Dikontribusikan oleh Bapak H. Kusnadi Jaya, S.Kep., Ns, M.Kep., QRMA., CRP., CHAE.
Ketua Sub Komite Manajemen Risiko RSUD dr. Murjani
Kendali manajemen risiko di rumah sakit pada saat ini terintegrasi dalam wadah Komite Mutu sebagai sub komite, bersama-sama dengan Sub Komite Mutu dan Sub Komite Keselamatan Pasien. Sejak era SNARS, SNARS 1.1, hingga era STARKES, aktivitas manajemen risiko selalu menjadi perhatian dalam penilaian akreditasi rumah sakit. Beberapa istilah populer berikut akan mengkoneksikan anda dengan manajemen risiko di rumah sakit antara lain: proses berisiko tinggi, pelayanan berisiko tinggi, FMEA, risiko jatuh, Pencegahan dan Pengendalian Infeksi (PPI), Manajemen Fasilitas dan Keselamatan (MFK), Kesehatan dan Keselamatan Kerja (K3), Hazard Vulnerability Assessment (HVA) dan Risk Register itu sendiri. Dengan kata lain, sejak 2012 manajemen risiko telah dikenal dan diaplikasikan di rumah sakit.

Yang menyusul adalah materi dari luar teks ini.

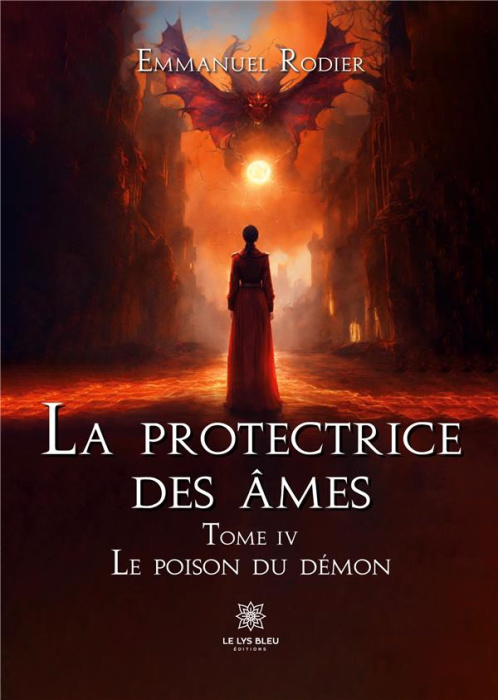 Emprunter La protectrice des âmes. Tome IV : Le poison du démon livre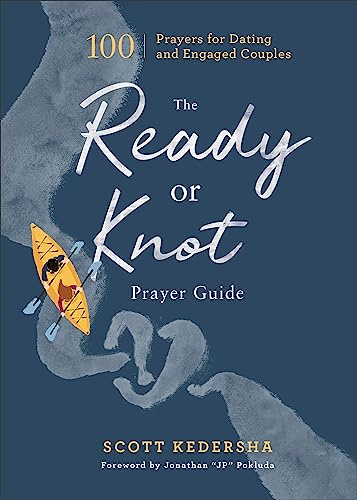 The Ready or Knot Prayer Guide – 100 Prayers for Dating and Engaged Couples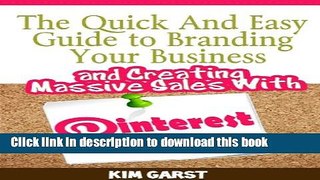 [New] EBook The Quick and Easy Guide to Branding Your Business and Creating Massive Sales with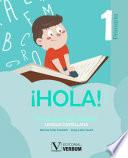 ¡HOLA!. 1 primaria
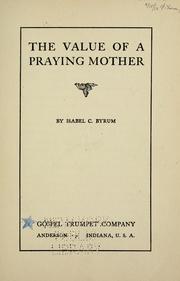 Cover of: The value of a praying mother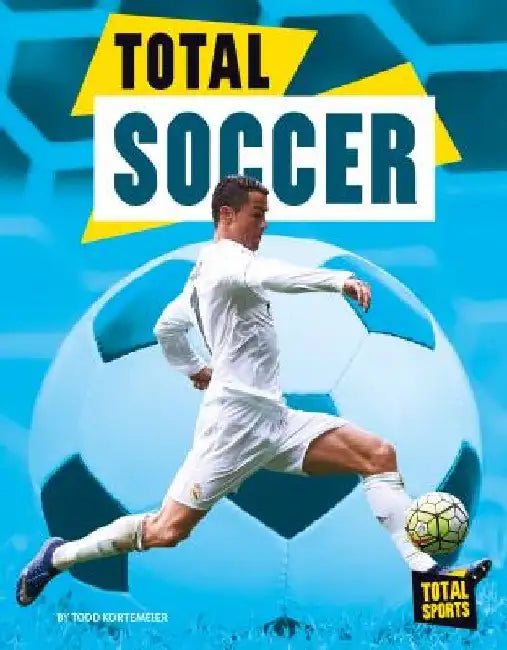 Total Soccer by Todd Kortemeier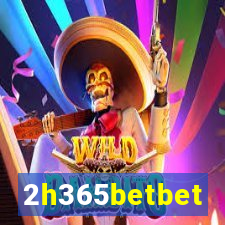 2h365betbet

Yang menarik adalah, ketika Peraturan Menteri Kesehatan Nomor 25 tahun 2019 tentang Penerapan Manajemen Risiko Terintegrasi di Lingkungan Kementerian Kesehatan dirilis, seketika PMK ini menjadi soko guru peraturan-peraturan internal terkait manajemen risiko di rumah sakit, baik itu RS vertikal, RSUD, dan RS swasta. Sampai akhirnya ketika IRMAPA menyelenggarakan event mengenai GRC sektor publik, dilanjutkan kemudian CRMS dan ekosistemnya menyelenggarakan event menuju Indonesia Emas melalui Manajemen Risiko, barulah saya memahami bahwa PMK 25/2019 adalah peraturan turunan yang dilahirkan lebih dahulu sebelum Peraturan Presiden Nomor 39 tahun 2023 tentang Manajemen Risiko Pembangunan Nasional (PP MRPN) dirilis. Dengan demikian, spiritnya PMK 25/2019 adalah mengelola risiko-risiko terkait pembangunan nasional. Dengan kata lain, (Jika PMK 25/2019 ini tetap dijadikan rujukan peraturan internal RS terkait manajemen risiko) peraturan ini mendudukkan posisi rumah sakit sebagai sebuah entitas yang terlibat dalam pencapaian sasaran strategis sektor kesehatan yang tertuang dalam RPJMN sektor kesehatan yang akan berakhir tahun 2024 ini. Dengan kata lain, pada akhir 2024 ini semua RS yang merujuk pada PMK 25/2019 harus mereview semua ketidakpastian yang mempengaruhi kapasitasnya dalam berkontribusi terhadap pencapaian sasaran-sasaran RPJMN sektor kesehatan dalam skala lokal atau regional untuk mendapatkan gambaran tentang risiko residual. Jika kita berdiri di RS Vertikal tentu hal ini sudah otomatis berjalan. Namun ketika kita di posisi RSUD dan RS Swasta, rasa-rasanya analisis risiko residual kita masih belum mempertimbangkan hal itu.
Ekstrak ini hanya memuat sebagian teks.